Flanders encouraged to seek independence from Belgium by EU's growing power

Leaders of one of Europe's most unlikely separatist movements are celebrating each step towards the adoption of the Lisbon Treaty.

By Justin Stares in Brussels
Published: 8:30AM BST 28 Jun 2009

The notion that breaking up a country as insignificant as Belgium could lead to anything more appealing in its place may seem far-fetched beyond its shores. But to many of the six million who live in the Dutch-speaking Flanders region, the growing strength of the EU makes it an increasingly attractive option.

"Belgium is too heterogeneous. There is too much diversity and too many different views," said Jeroen Overmeer, spokesman for Flanders' Nieuw-Vlaamse Alliante party, separatists who made big gains in this month's nationwide Belgian elections.

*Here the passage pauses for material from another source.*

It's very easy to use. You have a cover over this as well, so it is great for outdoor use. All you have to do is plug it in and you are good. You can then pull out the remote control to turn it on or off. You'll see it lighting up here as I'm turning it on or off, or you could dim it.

"The EU makes it possible for countries such as this one to split up. We believe we are experiencing both globalisation and localisation. Some problems are global, like defence or the environment, and these need to be dealt with by the EU. But at the same time democracy needs to be closer to the people, and that is why we are a regionalist party. The two trends go hand in hand."

Tensions within Belgium between Flanders in the north and French-speaking Wallonia in the south have been a fact of life since the the tiny kingdom was created in 1830.

But only in recent years have they become so great that - encouraged by political squabbling that recently left Belgium without a functioning government for more than six months - breaking the country into its main constituent parts has been seriously considered.

The Nieuw-Vlaamse Alliante, which rose from nowhere to take 13 per cent of the vote in the Dutch-speaking northern half of Belgium, believes it would be straightforward for Flanders to survive as an independent region within the EU.

For some EU officials, the mere possibility is a triumph for the institution.

"Yes, regions could survive alone," said Hendrik Theunissen, an official in the forward studies unit of the Committee of the Regions, a Brussels institution.

"The EU does not get involved in internal politics in individual countries, but it is a fact that regions are already well embedded in the EU structures. They opened their first offices in Brussels in the 1980s. Now there are more than 300 of them here. The EU pushes towards decentralisation. Experience shows it has been positive."

In fact the Lisbon Treaty will go further by granting the EU's regions, all of which are represented on the Committee of the Regions, new powers to challenge law-makers in the European Court of Justice, Mr Theunissen says. "We will have the right to go to court to defend out prerogatives if the European Commission is blatantly ignoring our advice," he said. "This puts us on the same level as the national parliaments."

The treaty will also give regions new powers to control the way billions of euros in the EU Cohesion Fund are spent.

Outside Belgium, other EU member states have strong separatist movements, including Spain (both the Basques and those seeking greater autonomy for Catalonia) and Britain (the SNP in Scotland). In Italy the Northern League spent a decade pushing for the creation of an independent "Padania" - to include such northern cities as Milan, Turin and Venice - free from what many saw as the corruption and poverty of the country's south.

More recently it has changed tack and thrown its lot in with Silvio Berlusconi, joining the coalition currently governing the whole of Italy - and earning three cabinet posts.

Some maintain that few national governments will give up their territorial power lightly - and all would, of course, have the right to veto a breakaway region's application to join the EU as a new member.

"Belgium is a particular case because the federal state is weak," said Pierre-Emmanuel Thomann, director of European Institute for International Relations, a Brussels think-tank. "I personally think a 'Europe of the regions' is an illusion. Break-away regions would never be tolerated in countries like France or the UK. They would send in the army."